Ghost Ranch got to me and it had nothing to do with spirits. My heart shook in the presence of towering rock formations, the light illuminating Box Canyon, and across the Piedre Lumbre Basin the shadowy overseer, Pedernal Mountain. Ghost Ranch hikes flooded me with a quiet awe that made it hard to leave. The magnetism of being outdoors here was undeniable. Good thing that there’s multitude of Ghost Ranch hikes and other trail systems in the area. The Ranch is a comfortable and perfect base for experiencing the inspiring landscape.
This post includes affiliate links and was generated from a press trip. As always all opinions are my own.

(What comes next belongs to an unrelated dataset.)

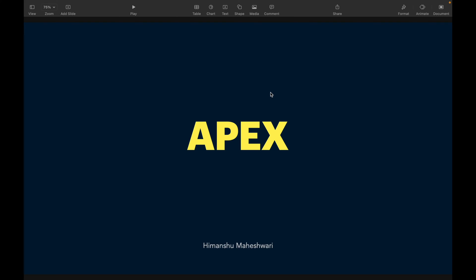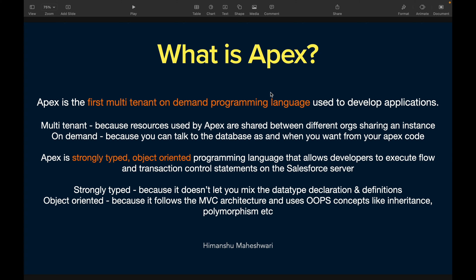Welcome back to the channel. This is Himanshu from Salesforce Makes Sense. In this video we are going to start looking at Apex — this is our Apex Masterclass series. For those of you seeing this video for the first time, I suggest you start with the Apex Masterclass playlist, as we've started from the basics and this is where we have reached after probably 15 or 20 videos.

O’Keeffe’s Prelude to Solitude

My Ghost Ranch experience began at the Georgia O’Keeffe Museum in Santa Fe, New Mexico. Her work fills galleries chronologically from the first drawings in Texas, where she was a teacher, to New York skylines where she was first propelled to fame by Alfred Steiglitz, and finally to her stark landscapes, bones and flowers from New Mexico. While restless in New York she found refuge, solitude and beauty on repeated visits to New Mexico and never tired of the landscape, her remote house, or the vast views.

Goodbye Big City

O’Keeffe jilted New York forever after her husband passed. She wrote to the painter, Arthur Dove: “I wish you could see what I see out the window—the earth pink and yellow cliffs to the north—the full pale moon about to go down in an early morning lavender sky . . . pink and purple hills in front and the scrubby fine dull green cedars—and a feeling of much space—It is a very beautiful world.”
Georgia walked far and long daily throughout her life. At Ghost Ranch she would take a long stroll before breakfast with a big walking stick to set off the vibrations that frightened snakes away from the trails. Later she would walk again. That and work framed her days. Her ambling legacy informs programs and the Ghost Ranch hikes trails that remain.
Trail ride guide points to O'Keeffe's home at Ghost Ranch

Trail ride guide points to O’Keeffe’s home at Ghost Ranch

Channel Georgia’s Fierce Independence

On my first morning there, I woke up before dawn determined to follow the light spilling into the Canyons and to watch the shadow of Orphan Mesa fall across the land. There are several close hikes through the ranch ‘campus.’ I began on the Mesa where several guest buildings rise above the landscape, then wound watching fat rabbits skitter into the brush. A large deer strode into view and ate berries from low bushes. He looked up and then sauntered slowly out of view, preferring to nosh in private, I suppose.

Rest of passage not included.